Save Our Homes not dying

Article Courtesy of The St. Petersburg Times

By Alex Leary

Published October 6, 2007


Lawmakers now admit any property tax plan must guard against big tax increases.

TALLAHASSEE - They tried to kill off Save Our Homes, perhaps on the sly, but lawmakers now generally agree that if a new property tax plan goes before voters on Jan. 29, it will have to preserve the popular protection against big tax increases.

That is one of the developments from a week of hushed discussion on property taxes that have taken place amid a special session on the budget and auto insurance.

Consensus is also growing around a "portability" plan to allow people to carry the accrued savings under Save Our Homes to a new home.

The end result could be more significant tax cuts than had been proposed.

"In a time when people's taxes keep going up, it's very difficult to go to voters and convince them they should let go of a security blanket like Save Our Homes," House Speaker Marco Rubio said Friday.

"Now you can argue that it's bad policy for the state of Florida, that it's led to some of the problems," the Miami Republican added. "But the truth of the matter is, people like Save Our Homes."

The perspective is shared by Democrats and Gov. Charlie Crist, making it very likely the Save Our Homes 3 percent cap on annual assessment increases will survive.
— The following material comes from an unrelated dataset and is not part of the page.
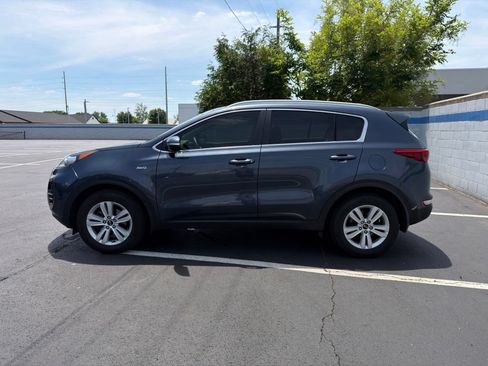 Used 2018 Kia Sportage LX w/ LX Technology Package AWD/4WD image 2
Some sort of tiered homestead exemption is likely to be part of any new tax plan as well as an end to an assessment practice known as highest and best use, which can lead to higher taxes for businesses simply because the land could be used for something more lucrative.

Lawmakers also may seek additional revenue caps for local government and make it harder for them to break those caps, as some have since the Legislature imposed a rollback in June.

That lawmakers are even discussing taxes again is the result of a court decision striking from the Jan. 29 ballot a plan that would have phased out Save Our Homes in favor of super homestead exemptions. The judge found the ballot language was misleading because it did not clearly state the demise of Save Our Homes.

The state has appealed the decision, though it does not seem too worried about moving it along. As of Friday, the grounds for the appeal had still not been submitted to the court.

Another special session - the fourth this year - will be called some time later this month to address property taxes.

Despite the wide array of options and a time crunch of Oct. 30 to get something on the January ballot, top negotiators are confident something can be done.

"We're wiser and smarter," said Rep. Dean Cannon, R-Winter Park. "We know what judges think. We know what people think. We know every combination has been tested. So I'm optimistic that it will be a lot easier this time."